── Material provided
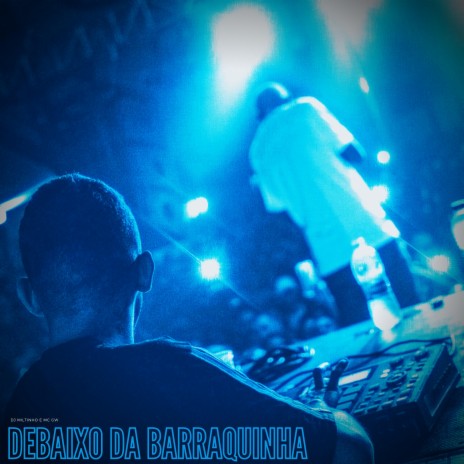 Debaixo da Barraquinha ft. Dj Miltinho | Boomplay Music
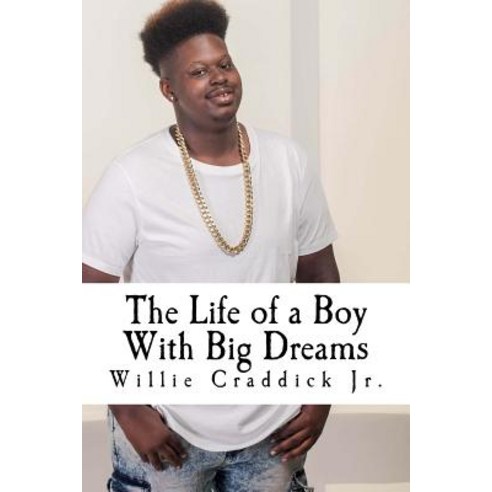 The Life of a Boy with Big Dreams: Tips for Teens by a Teen Who''s Been There Done That Paperback, Createspace Independent Publishing Platform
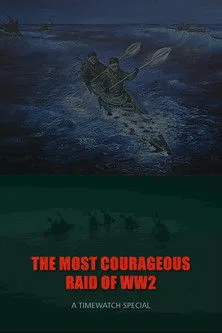 Paddy Ashdown interpreta a Himself - Presenter en The Most Courageous Raid of WWII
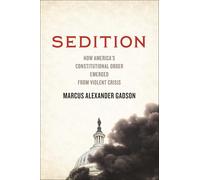 Sedition: How America's Constitutional Order Emerged from Violent Crisis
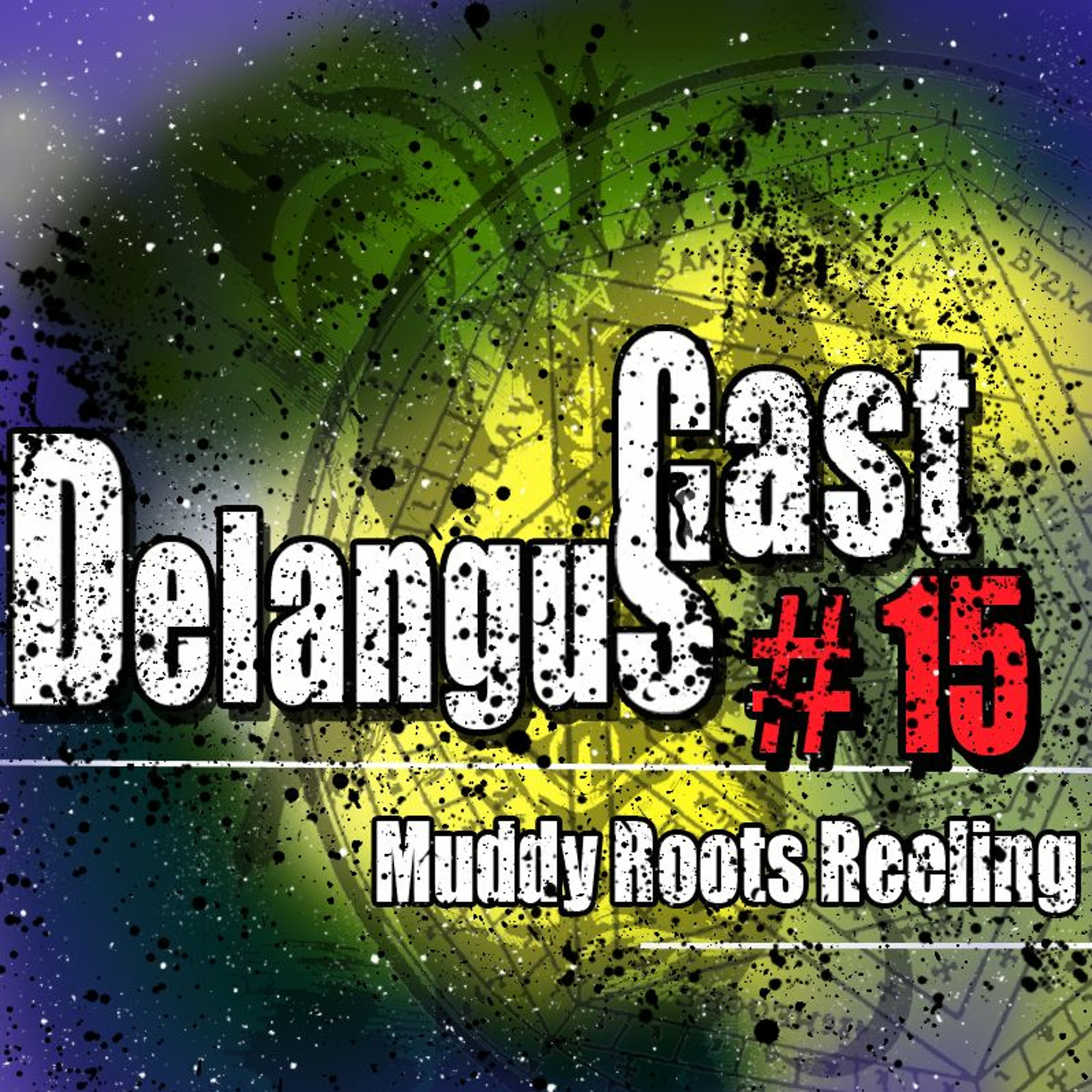 DelangusCast 15: Muddy Roots Reeling episode artwork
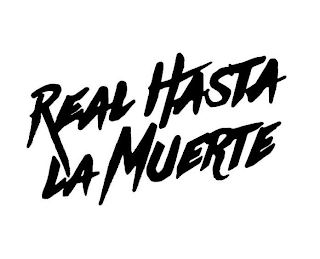 REAL HASTA LA MUERTE logo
────
* _Task directions_
The expected output is every line from the line where "DelangusCast 15: Muddy" appears to the final line of the material, unchanged and with no pictures.

* _Exercise response_
 DelangusCast 15: Muddy Roots Reeling episode artwork
 REAL HASTA LA MUERTE logo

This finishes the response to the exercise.